Tüm bunlar yetmezmiş gibi, Eskişehir Büyükşehir Belediye Başkanı Ayşe Ünlüce’nin seçim vaatlerinden biri olan Hayvan Bakımevi ve Doğal Yaşam Alanı projesi hayata geçiriliyor. Bu talep kimindi, bu vaat kime verildi? Hayvan özgürlüğü mücadelesini samimiyetle veren bir kişi bile hayvanların şehirden uzak bir alana kapatılmasını onaylamaz.

Hayvanlara dair politikalarınız, tecritten öteye geçemiyor. Mezbahaların şehirden uzaklığı gibi barınaklarınız da olup biteni göremeyelim diye ücra köşelerde. “Doğal yaşam alanı” adı altında sevimli göstermeye çalıştığınız “tecrit kampının” 67 dönümlük olmasını özgürlük adı altında parlatamazsınız. Kafesin metrekaresi büyüyünce kafes olduğu gerçeği değişmez. Hayvan hapishanesi inşa etmekle övünülmez. Bu alana ayırdığınız devasa bütçenin çok daha azıyla hayvanların sorunlarına gerçek çözümler üretebilirdiniz… Eskişehir Büyükşehir Belediyesi, kendini ilerici sanarak bilinçsizce geriye koşmaktadır.
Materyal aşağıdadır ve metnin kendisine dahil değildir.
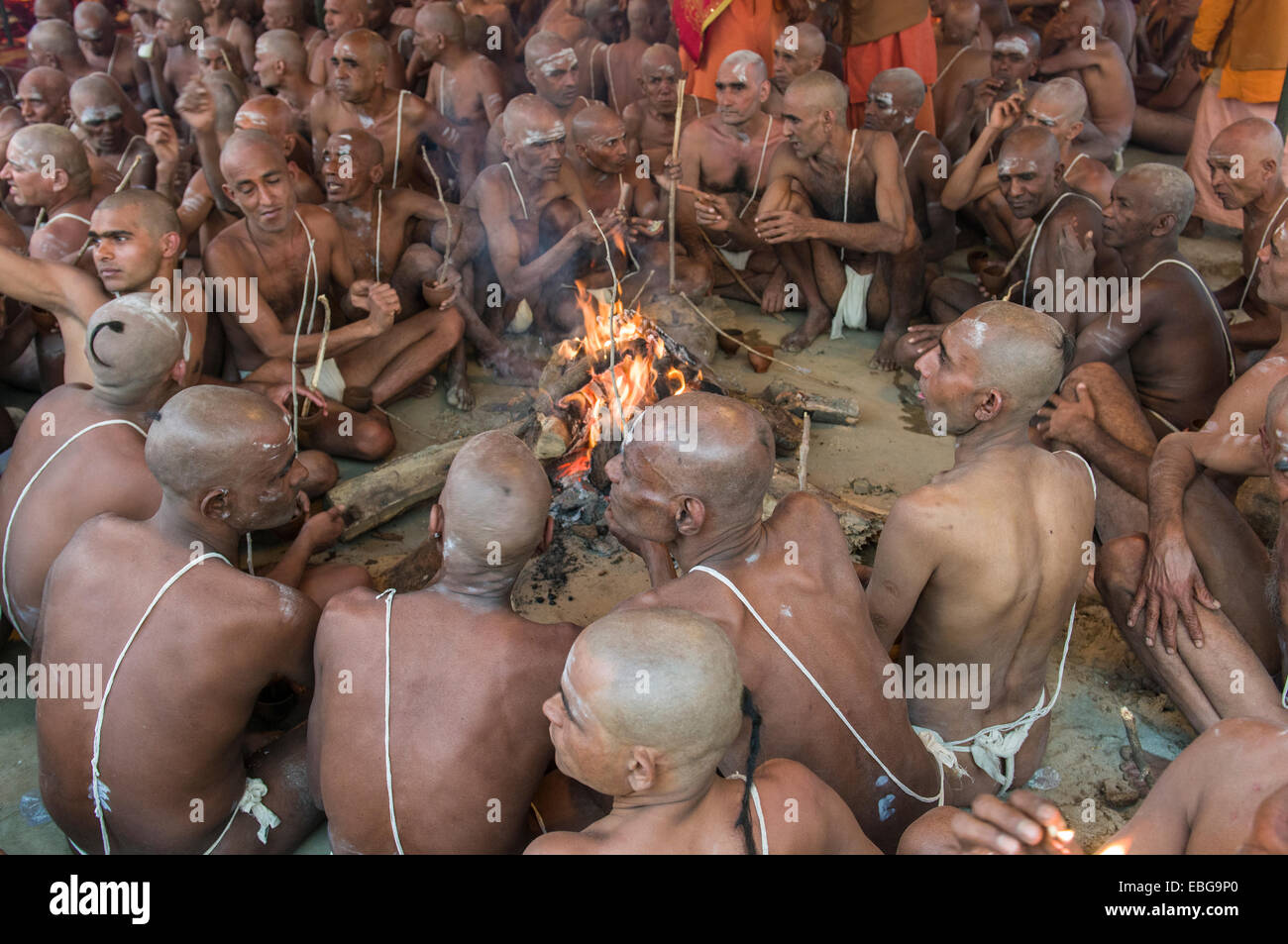 Um ein Lagerfeuer sitzen und singen von Mantras im Rahmen der Einleitung der neuen Sadhus, während Kumbha Mela Festival, Allahabad Stockfoto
Bu yanlıştan derhâl geri dönülmelidir.

Hayvan yaşamının tehdit edilip katliamın yasalaştırılmasının ardından gelen "Aile Yılı" çıkışıyla birlikte, LGBTİ+'ların varoluşunun kriminalize edilmesi ve hapis cezası yaptırımları gündeme geldi. Anayasa, kanun ve uluslararası sözleşmelerle temel haklarını kaybetme riski olan LGBTİ+’lar açıkça hedef gösterilmiştir, kazanılmış haklar tehlikeye atılmıştır. Kanun teklif taslağına ulaşan KaosGL.org, taslağa göre Medeni Kanun ve Ceza Kanunu’nda LGBTİ+’ları açıkça hedef alan değişiklikler yapılmasının öngörüldüğünü ve "biyolojik cinsiyet" ifadesinin Ceza Kanunu’na eklenerek LGBTİ+ ifade biçimlerinin ve "genel ahlaka aykırı" davranış ve tutumların cezalandırılacağını ortaya koymuştur.

Soruyoruz: Genel ahlak ne ayol

Türü, cinsiyeti, yönelimi, ırkı, dili fark etmeksizin yok sayılan, ötekileştirilen tüm insan olan hayvanların ve insan olmayan hayvanların yanındayız. Herkesi, mücadelemizi birlikte büyütmeye ve kesişimselliği benimsemeye çağırıyoruz."